When you have the GeForce GTX 670 card in your hands it does feel a tad cheaper compared to the GTX 680 though, the cooler is less intricate and the sheer weight is so much lighter than the GTX 680.

At roughly 72 Degrees C the JetSTream cooling performance is definitely sufficient, the cooler however is a tad more noisy compared to the GTX 680 and makes a low-noise hum. It's not irritating or annoying, but you can hear it when the card is stressed .

Palit GeForce GTX 670

Overall the card is just golden for the 1920x1080 and 1920x1200 monitor resolution, there's not a game out there that it can't deal with at that resolution. Anno 2070 at the best quality settings and 4xAA pushes 85 frames per second on average at 1920x1200, and still 48 fps at 2560X1600. In Crysis 2 we end at an average of 63 FPS in 1920x1200 with Ultra quality settings and that high resolution texture package and 4x AA.

Battlefield 3 is another example, with all eye candy opened up in game and again at 4xAA the card still pushes 57 FPS at 19x12 and that is just a couple of frames per second away from the GTX 680.

So while this product might have one shader cluster less, really the performance remains exceptionally good. The lower default base clock frequency made us wonder if the performance would crash, but once the dynamic clock aka turbo kicks in, the card easily passes the 1150 MHz again, a little trick that seems to really work out for NVIDIA.

Overclocking, the two 6-pin PEG power connectors indicates that the power circuitry can handle less tweaking wise. The Palit Jetstream edition however already comes factory overclocked. Still another +50 MHz was easily added to the baseclock and then the Dynamic Clock Adjustment technology kicks in, resulting in 1200+ MHz on the core clock where applicable. The 9500 3DMark 11 P score is reached. We had hoped to get a little higher though, a +100 MHz on top of the factory overclock would have been really nice.

The peak heat levels can close in towards 72 Degrees C. That's perfectly fine and within the thermal design of the card.

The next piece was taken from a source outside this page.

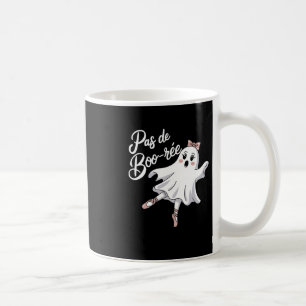 Taza De Café Ballet Gracioso de Boo-rée Fantasma Danza Hallowee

But we prefer cards under load to remain under 70 Degrees C, albeit that is a bit of a personal preference. 

The noise levels -- they are okay but as stated you can hear a low hum coming from the cooler. In desktop and idle mode you will not hear the card, it really is silent. Under hefty gaming load however you will be able to hear the product. We rated the card at 42~43 DBa (including background noise). That however is a normal noise level, which means you can hear the card, but not at annoying levels or anything like that.

So with all that said it's time to wrap up the review and dive into the conclusion. We definitely like the Palit GeForce GTX 670 JetStream, we stated it in the GTX 680 review already; it is quite amazing what NVIDIA is able to do with the GK104 which we still think was intended to be the mid-range chip.

Cutting away one shader cluster (SMX) and lowering the core GPU clock frequency remains a bit of a paradox as the card is still very fast. The tests have shown it, it's at best 10% away from the GTX 680 so that makes it a really good position to be in.

Palit has an offering for you that comes factory overclocked, it is boosting the GPU close to 1200 MHz already making the product perform dangerously close towards GTX 680 performance. The overall design is nice, we have respect for NVIDIA's partners that go the extra mile with a custom design PCB. The JetStream cooler does its job sufficiently, in idle you will not hear the card, under stress however you can hear it (but it's nothing dramatic or anything).

If you can find the Palit GeForce GTX 670 Jet Stream at roughly 399 USD then we can wholeheartedly recommend it. Mind you that the cooling solution is big. Some people have a problem with that, others don't care of course. But yeah, it offers a lot of performance in it's default setup and most of the tweaking has been done for you. Definitely a product worth our recommendation.